Look at them. Really look at them and tell me you disagree. As I sit with my daughter watching scary movies in the run-up to Halloween, I can’t help but point out the mistakes these movie dads make because: c’mon, man! The worst trope in all of these movies is the bad fathering. It’s downright shameful.
No, you don’t want to buy the 200-year-old house on twenty acres of land that also contains a haunted prison graveyard. Forget about the graveyard and the weird footprints on the ceiling, that’s probably just the kids. But you know what else you are going to have to deal with? 200-year-old pipes because you know ghosts aren’t doing any upkeep.
They’re terrible at it because they’re lazy. And those gutters haven’t been cleaned, which leads to wood rot. That’s terrifying but not as soul shuddering as the condition of that roof. 20K minimum, right there. A good father would point that out to the young couple thinking about buying this house and the movie would be over. Wooden pipes do not age well, and neither does untreated foundation problems.
Moving on.
You know what I see when you fawn over that antique doll or toy? Plastic sharp edges that carry black mold. Every dad knows that you need to dip that thing in turpentine before it enters your house. At the very least, it’s going to get rid of the bed bugs. But trust me, turpentine can clean the devil out of every corner he may hide. That and some Old Spice to really get the job done.

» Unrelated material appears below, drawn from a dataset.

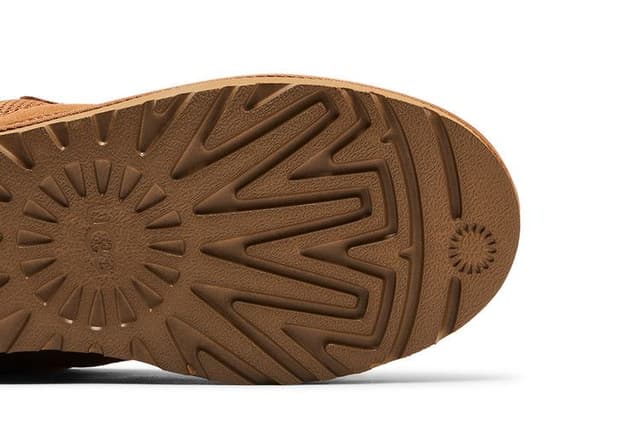 UGG Lowmel Chestnut (Women's) 5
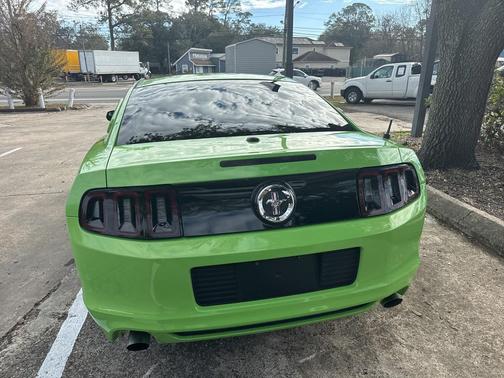 2013 Ford Mustang V6 Premium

And now we need to turn to the bad fathering in any movie where there is a single weirdo masked killer roaming around. We were watching Halloween II and my daughter was into it. And like in every movie of this type, the bad guy gets hit with the car. The girl jumps out, says “Oh, my!” and then runs away thinking that they are finally free. That girl wasn’t raised right, not at all.
An early life lesson that we all teach is that you have to see a job done till the end. There will be no cutting corners. You gotta chop him up and stack him up like cordwood next to the fireplace. Use the old twine, not the good stuff that I got on sale down at ACE Hardware. The old twine that came from the 200-year-old house that I wouldn’t let you buy. And boom, there are no more sequels.

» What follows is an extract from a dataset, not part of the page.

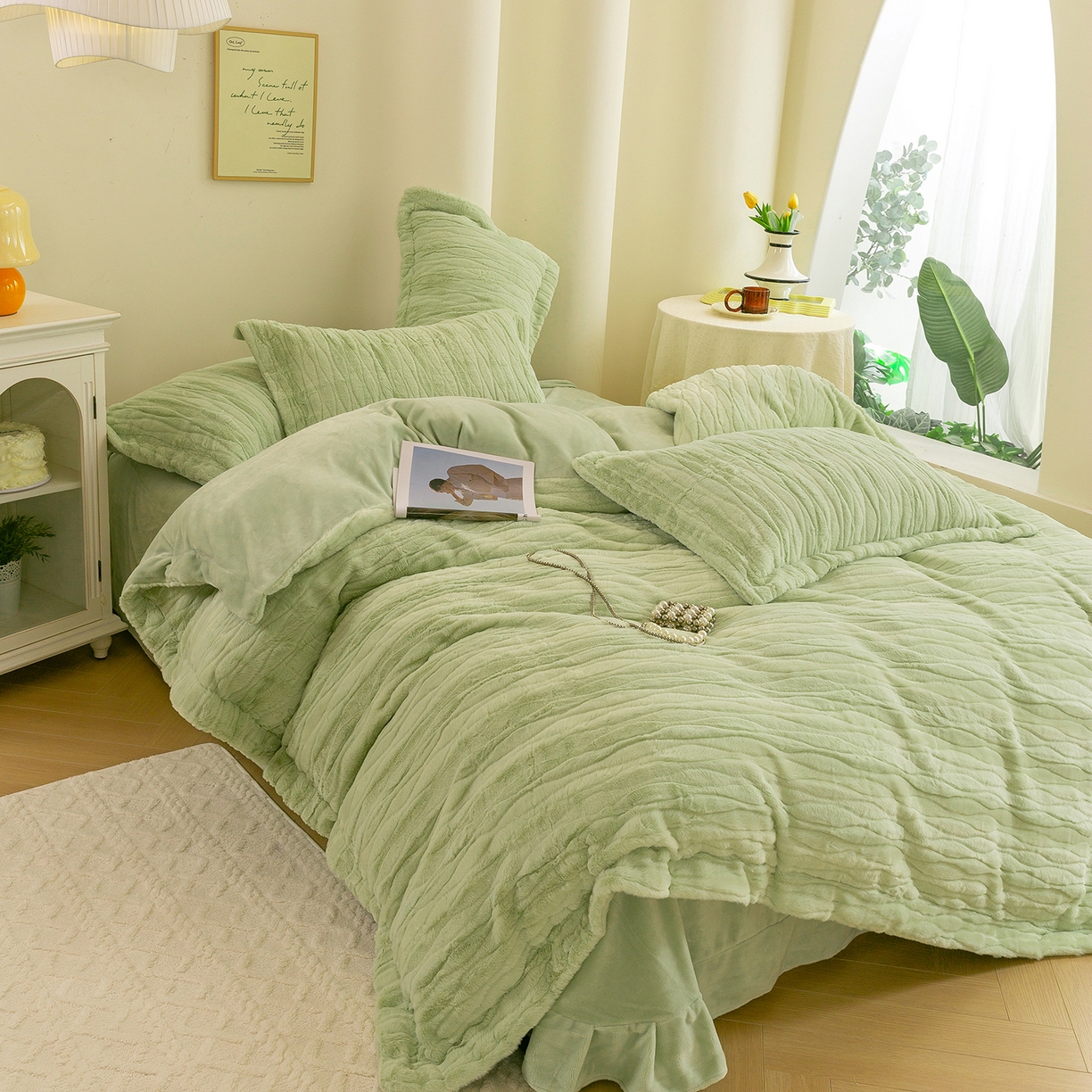 91家纺网 家纺一手货源 找家纺 绒博士 2025新款兔毛绒宽边款四件套--云朵奇遇系列 云朵奇遇-绿色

Look at every movie and you will see the trope played out again and again.
Exorcist? WD-40 on the walls to treat the wallpaper from the stain, and a bit of Sprite to calm a nervous tummy of daddy’s little girl.

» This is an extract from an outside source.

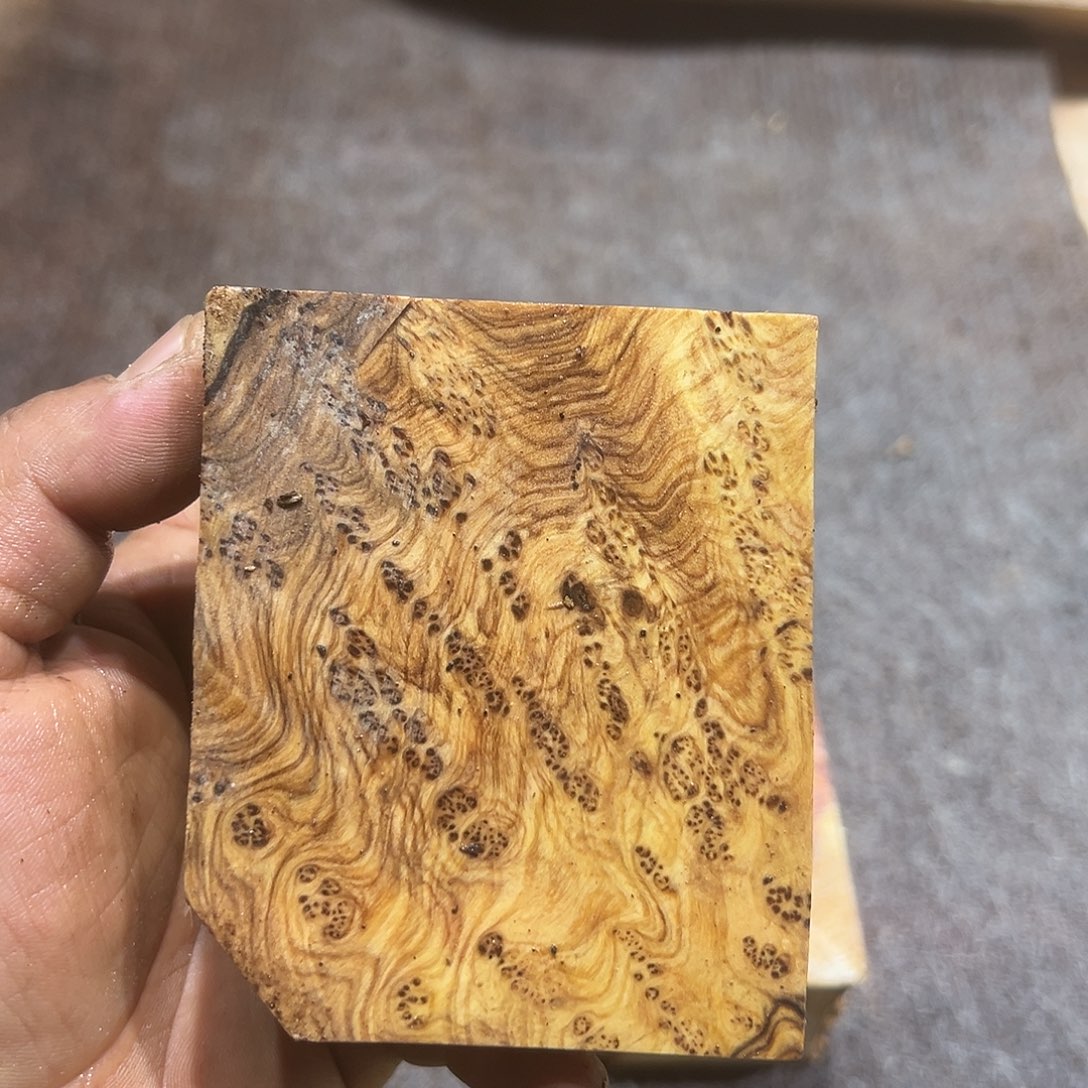 非洲檀香无事牌鬼柳瘤疤板块料子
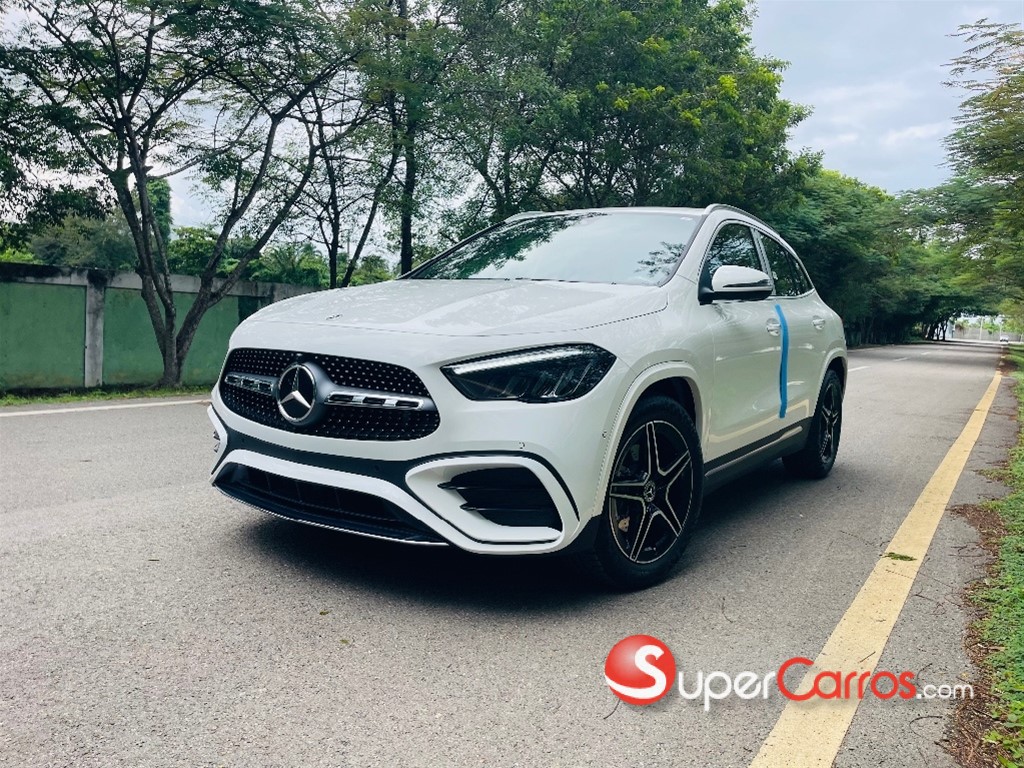 2025 Mercedes-Benz Clase GLA 200 — foto 2 / 12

Silence of the Lambs? Hannibal is talking fool nonsense and a proper father would teach his daughter to pay no mind to people like that. Value comes from within, not from a man wearing a muzzle.
That’s what all these movies are missing. A good father doing what he does every day of the week. Do you think a good father is going to allow the zombie horde to destroy his yard without turning on the sprinklers? Zombies hate sprinklers. Bad fathering in every zombie movie, I tell ya.
And now let’s get to the big baddies; the classic monsters that started it all.
The wolfman had no one to show him how to shave. Give me the wolfman for a week and I’ll have him with a high and tight haircut and a part-time job down at the lumber yard.
Frankenstein’s monster’s whole reason for terrorizing the countryside was because his father rejected him. What kind of father is that? A bad father, that’s who. We love those we create no matter who they turn out to be. A good hug at the beginning and that movie ends right after the opening credits.
Godzilla needs a fenced-in yard.
Which brings us to Dracula, the king of the monsters? He’s a complicated case with many layers, but a good father can see right through it. He treats women like cattle and no good father is going to stand for that. No sir, not on our watch. You have to nip that in the bud early.
But a good father knows that it goes deeper than that because people are complicated, unlike 200-year-old houses with foundation issues. No, the real issue with Dracula is that he hates himself and doesn’t know how to express it. If there was a good father in his life early on, Dracula would be an accountant who enjoyed his weekends with his little ghoul kids, which a good grandfather would also love and help shape.
The oldest trope in horror movies is the bad father. So don’t be one. Raise a gremlin that doesn’t snack after midnight and if they are going to gnaw on a plane engine, make sure that it’s organic and on the ground.